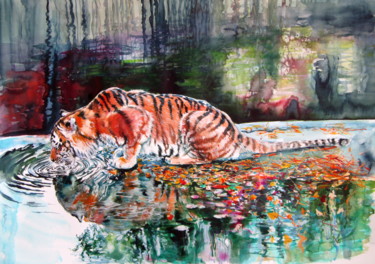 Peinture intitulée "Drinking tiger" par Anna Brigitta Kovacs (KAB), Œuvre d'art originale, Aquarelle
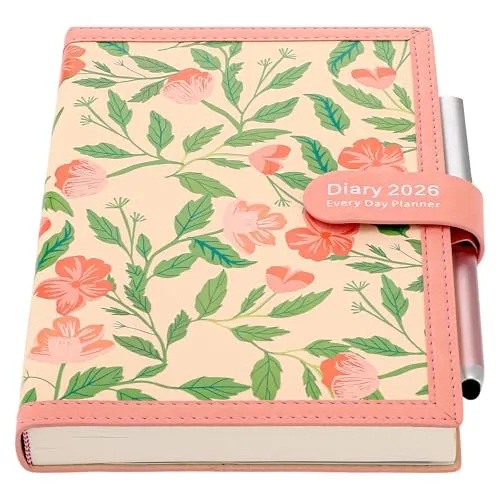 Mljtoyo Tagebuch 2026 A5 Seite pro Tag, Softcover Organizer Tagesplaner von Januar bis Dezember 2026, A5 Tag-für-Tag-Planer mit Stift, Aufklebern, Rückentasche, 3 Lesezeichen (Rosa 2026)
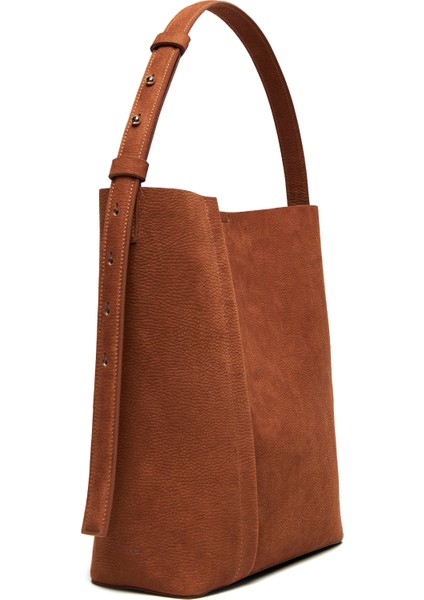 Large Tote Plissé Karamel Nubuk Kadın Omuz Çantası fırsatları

══════════

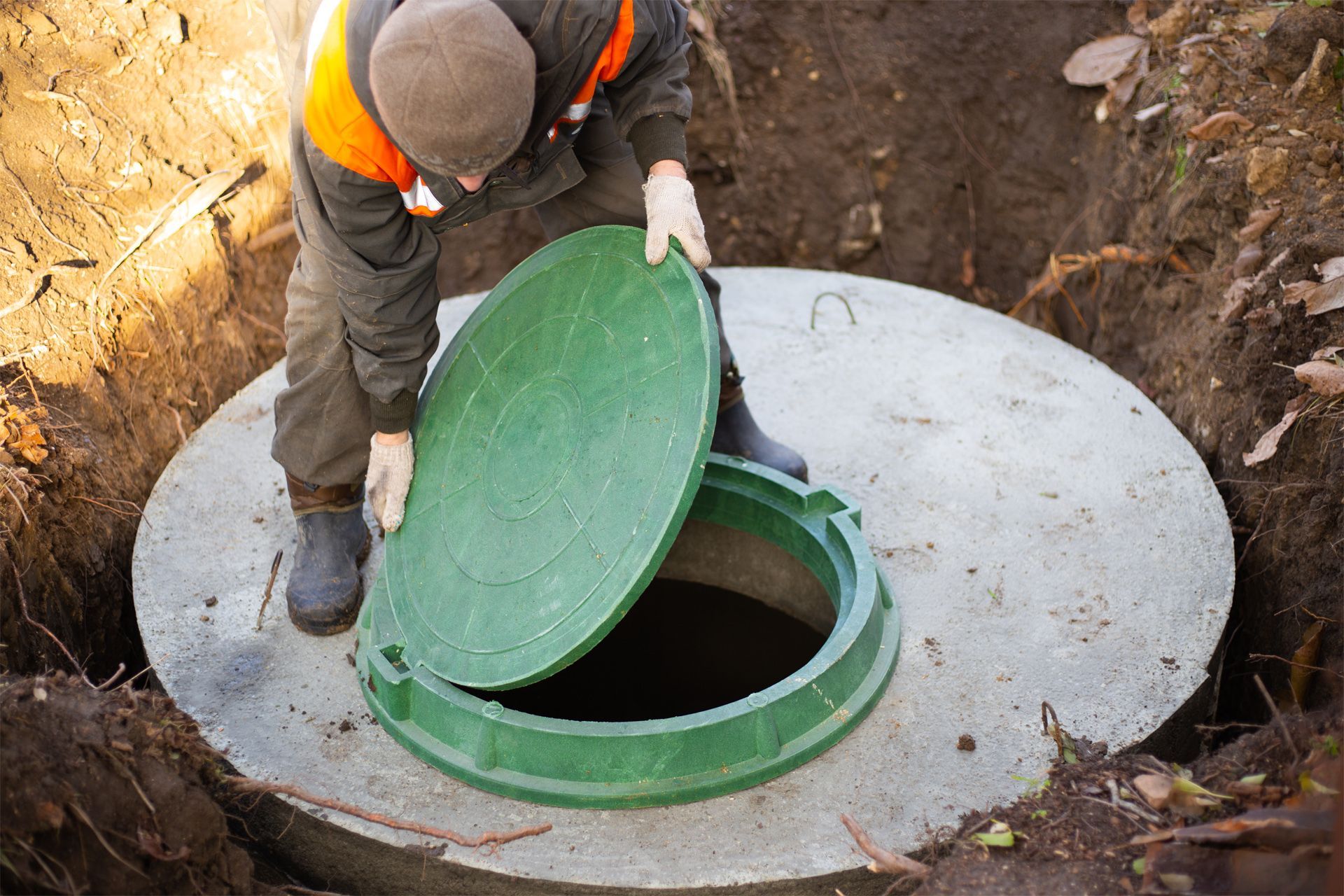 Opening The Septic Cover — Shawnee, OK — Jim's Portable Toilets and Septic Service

══════════

» **EXERCISE DETAILS**
In the records above, find the line with "d'art originale, Aquarelle". Print exactly from there through the line with "Mljtoyo Tagebuch 2026", minus the pictures.

» **TASK RESULT**
 Peinture intitulée "Drinking tiger" par Anna Brigitta Kovacs (KAB), Œuvre d'art originale, Aquarelle
 Mljtoyo Tagebuch 2026 A5 Seite pro Tag, Softcover Organizer Tagesplaner von Januar bis Dezember 2026, A5 Tag-für-Tag-Planer mit Stift, Aufklebern, Rückentasche, 3 Lesezeichen (Rosa 2026)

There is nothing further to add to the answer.